PROMPT:
In the data below, locate the line containing "RALPH LAUREN COLLECTION" and the line containing "Monument aux morts de Lisors", then retype both and everything between them exactly. Pictures are not part of the copy.

INFORMATION PROVIDED:
************

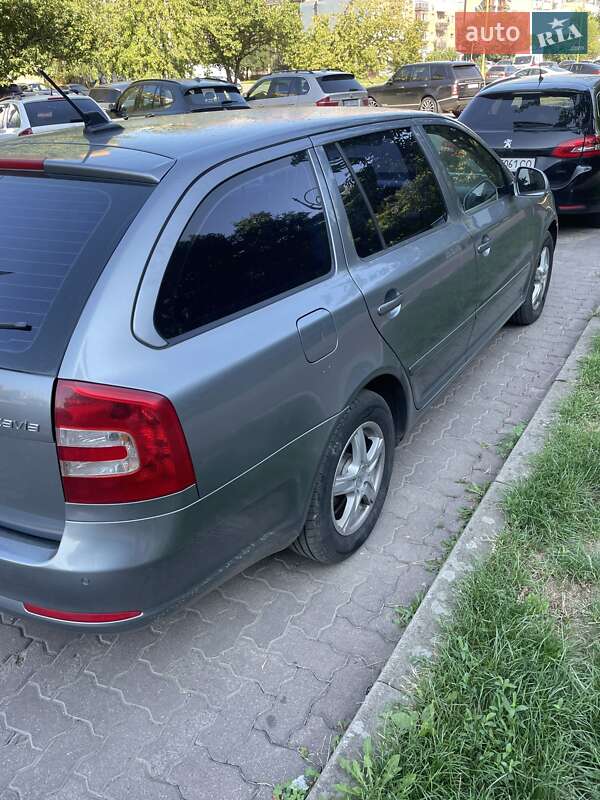 Універсал Skoda Octavia 2012 в Ужгороді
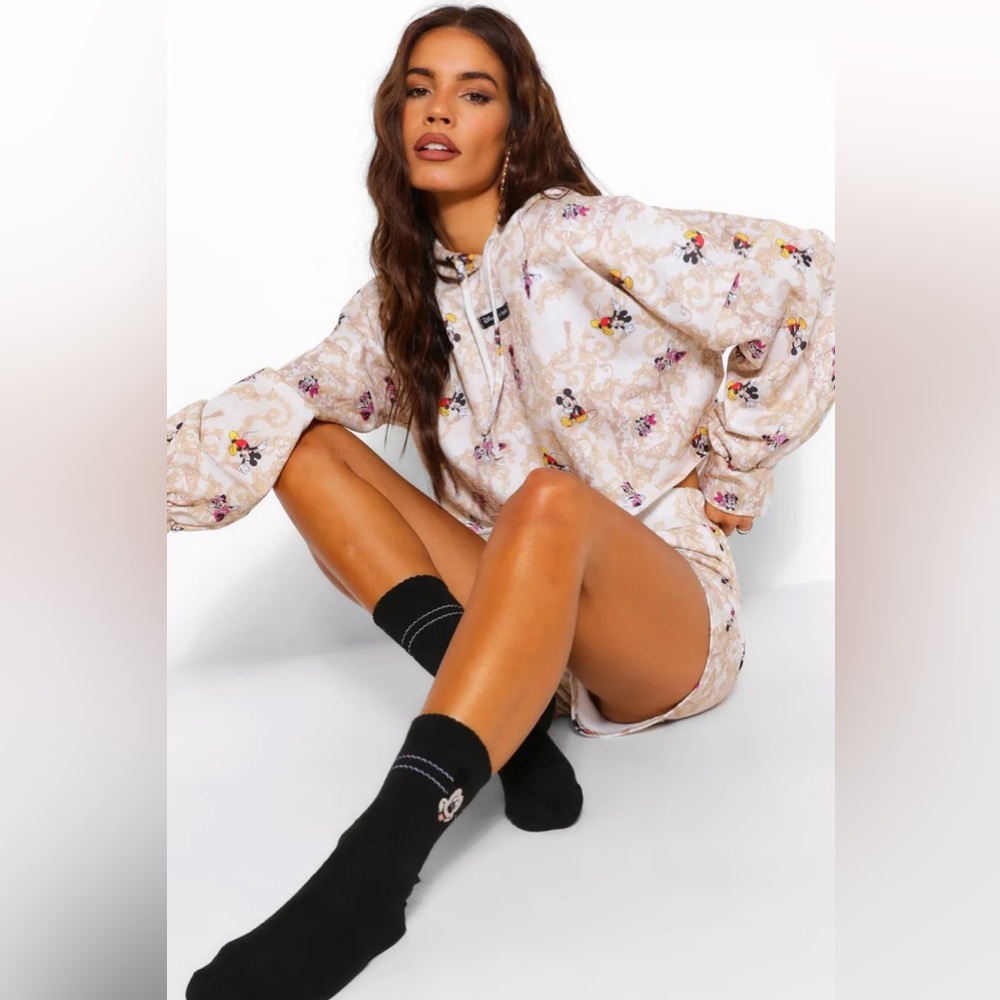 Disney X Boohoo Plus Chain Print Mickey & Minnie Mouse Cropped Hoodie SZ 22 EUC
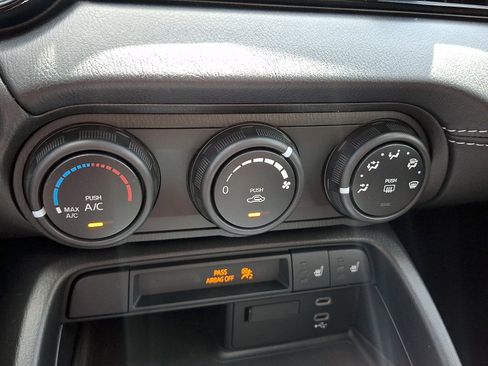 New 2026 MAZDA MX-5 Miata Club w/ Weather Package RWD image 13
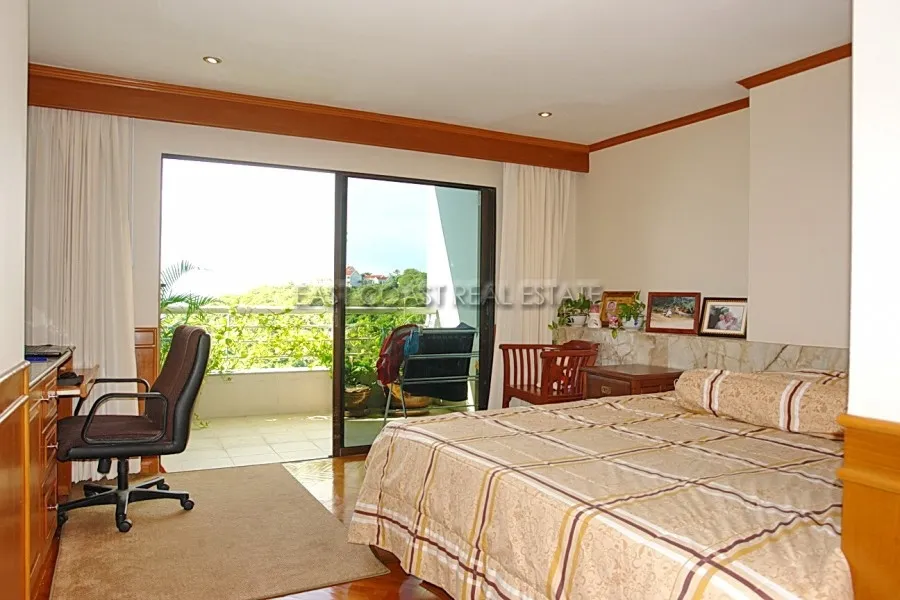 Pattaya Hill Resort photo 9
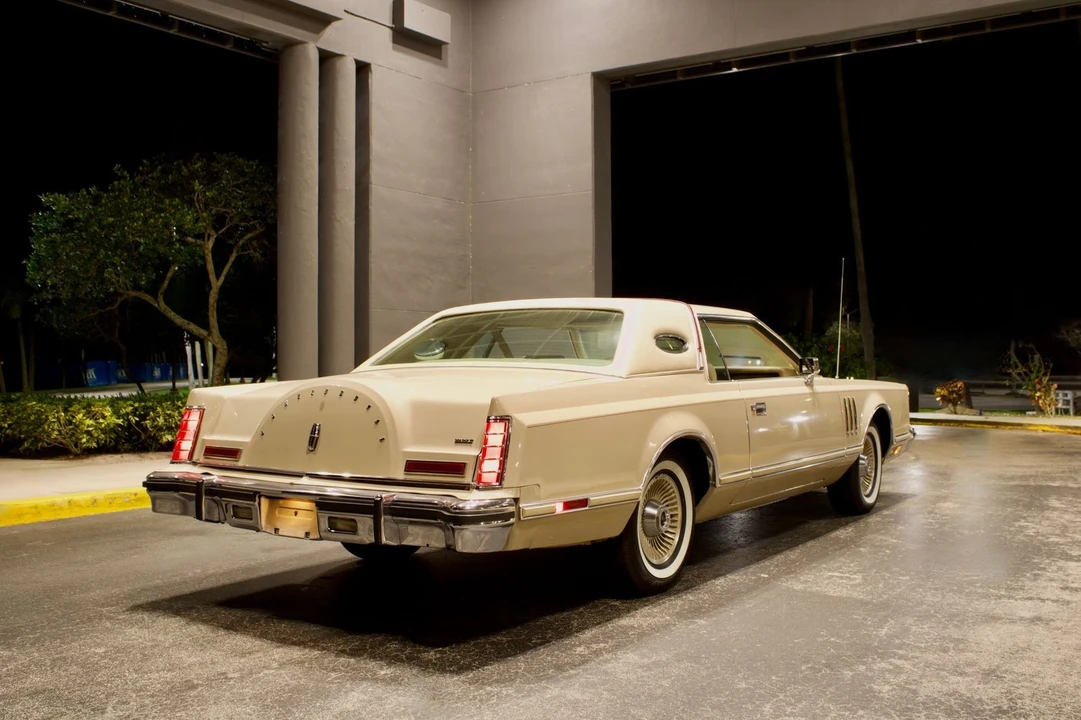 1979 Lincoln Continental 5th Gen - Image 5 of 21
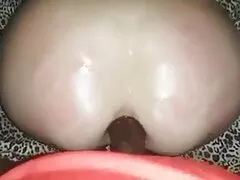 De grote busty doet sexy filmpjes gratis haar slipje uit en laat haar poesje neuken door een zwarte minnaar.
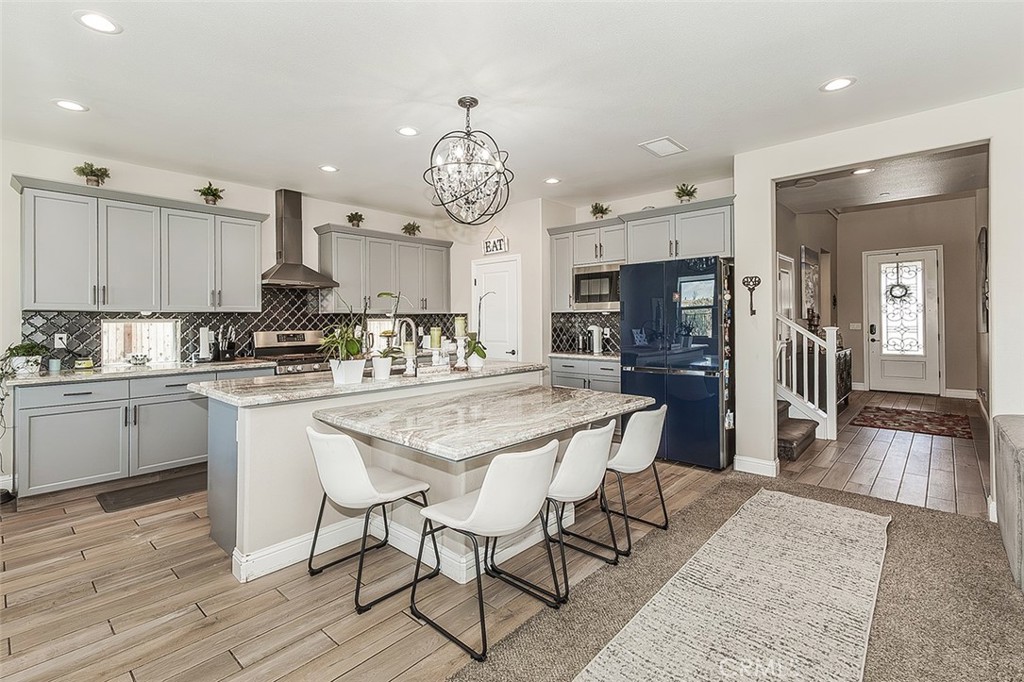 4475 Crown Bluffs Dr, Madera, CA 93636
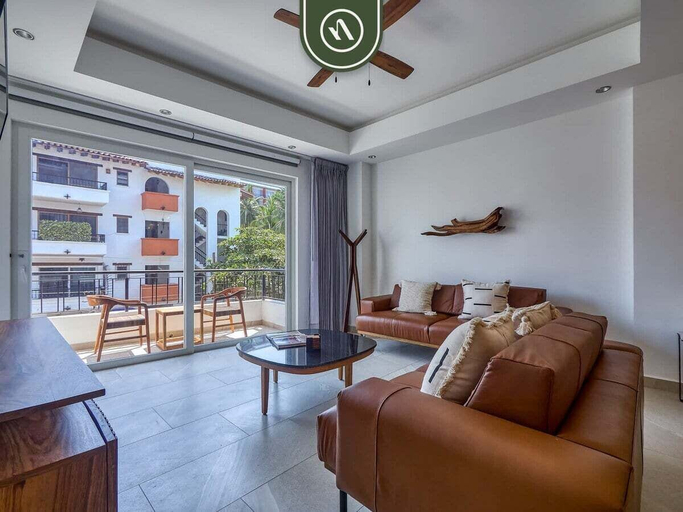 Living area 3, Amazing 2 BR Condo in Versalles - Rooftop Pool, Puerto Vallarta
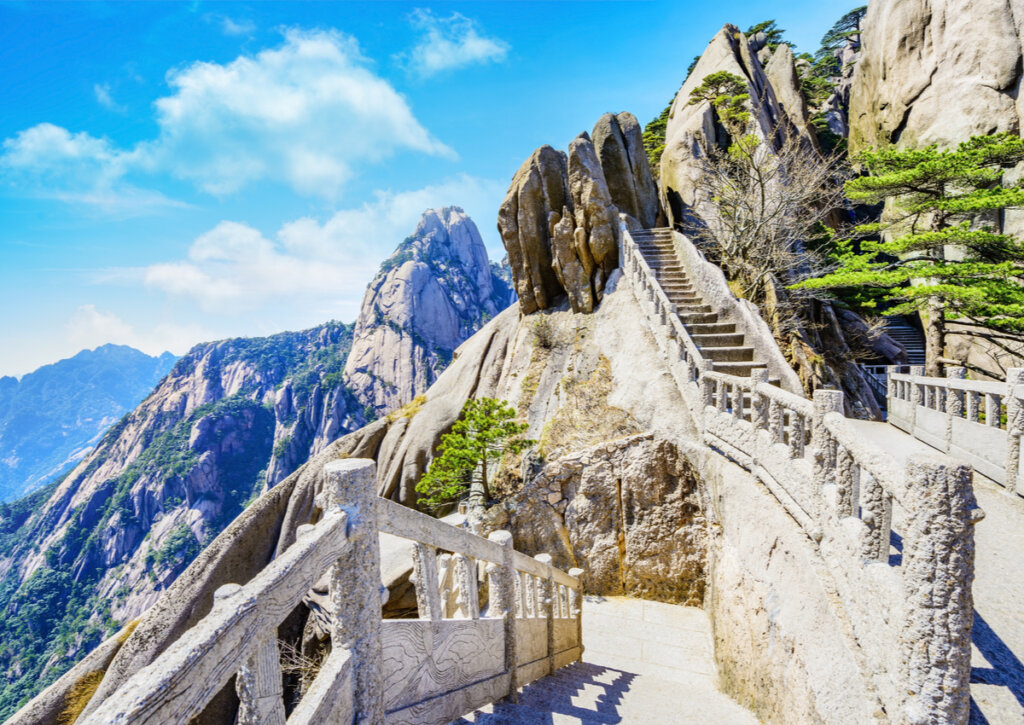 Senderos de las montañas amarillas de Huangshan.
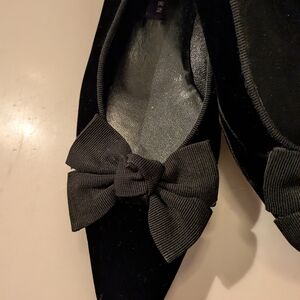 RALPH LAUREN COLLECTION  Purple Label Elegant Black Velvet Bow Flats | 6B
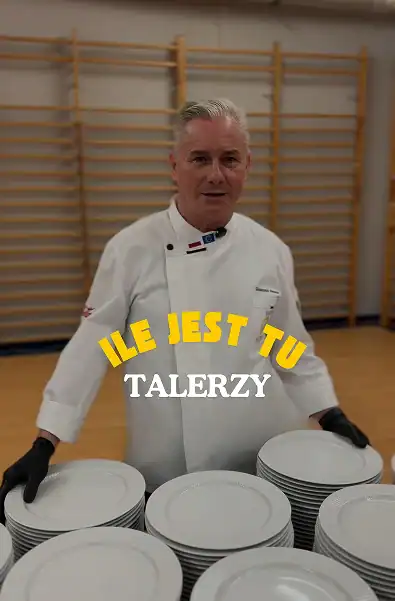 Kucharz przygotowujący catering eventowy z dużą liczbą talerzy oraz napisem „Ile jest tu talerzy”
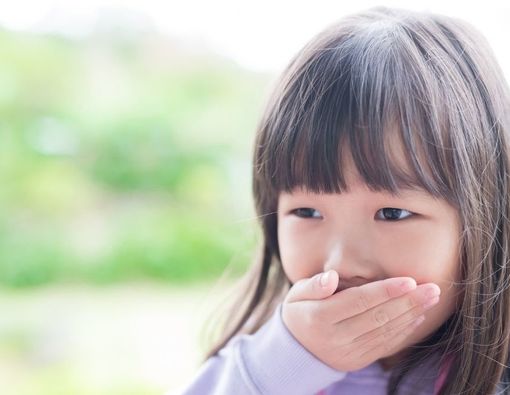 Jenis Muntah Anak dan Solusi untuk Menanganinya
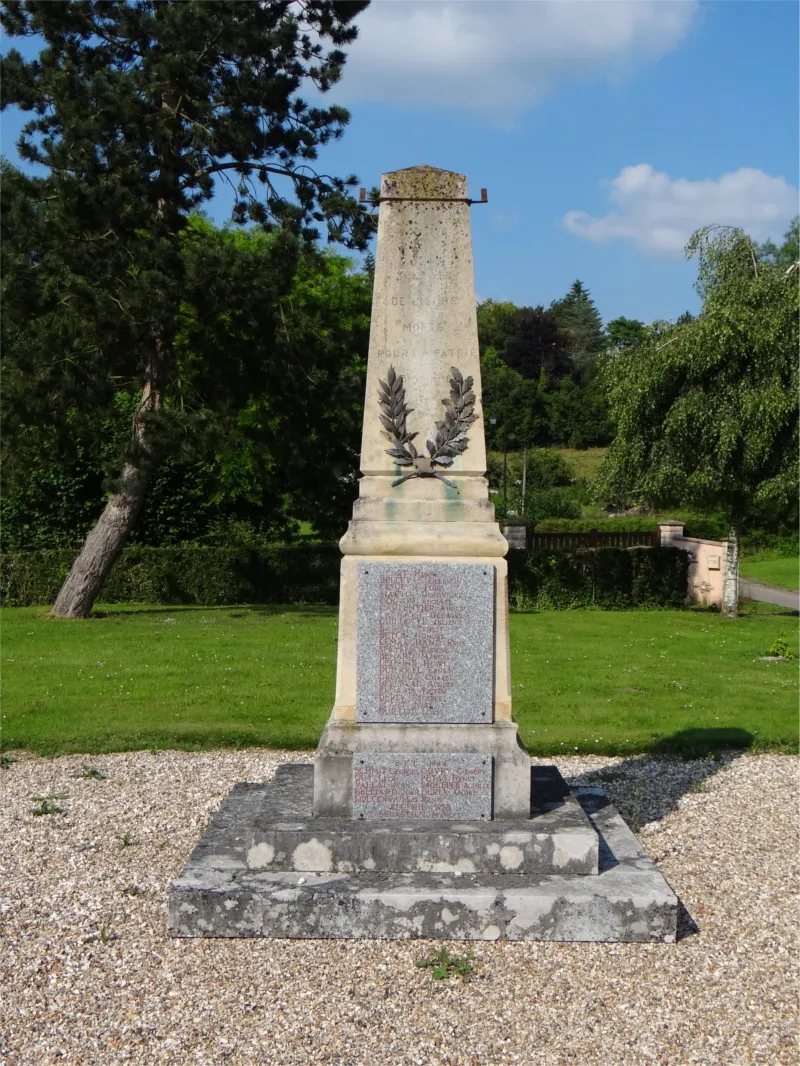 Monument aux morts de Lisors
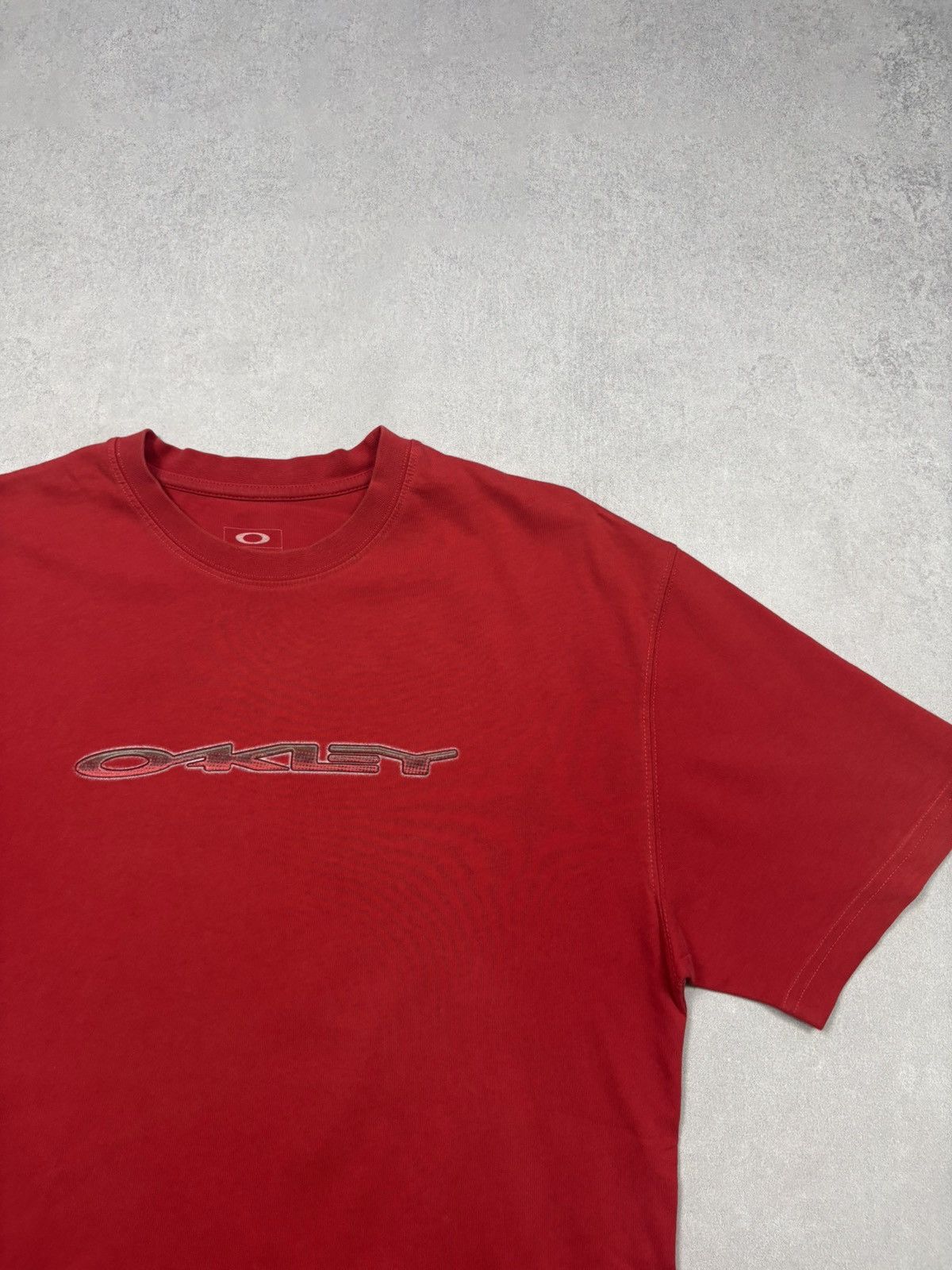 Oakley Oakley Vintage Red Spell Out T Shirt Hype Big Logo Y2K 00s Size US M / EU 48-50 / 2 - 8 Thumbnail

************

RESULT FOR THIS EXERCISE:
 RALPH LAUREN COLLECTION  Purple Label Elegant Black Velvet Bow Flats | 6B
 Kucharz przygotowujący catering eventowy z dużą liczbą talerzy oraz napisem „Ile jest tu talerzy”
 Jenis Muntah Anak dan Solusi untuk Menanganinya
 Monument aux morts de Lisors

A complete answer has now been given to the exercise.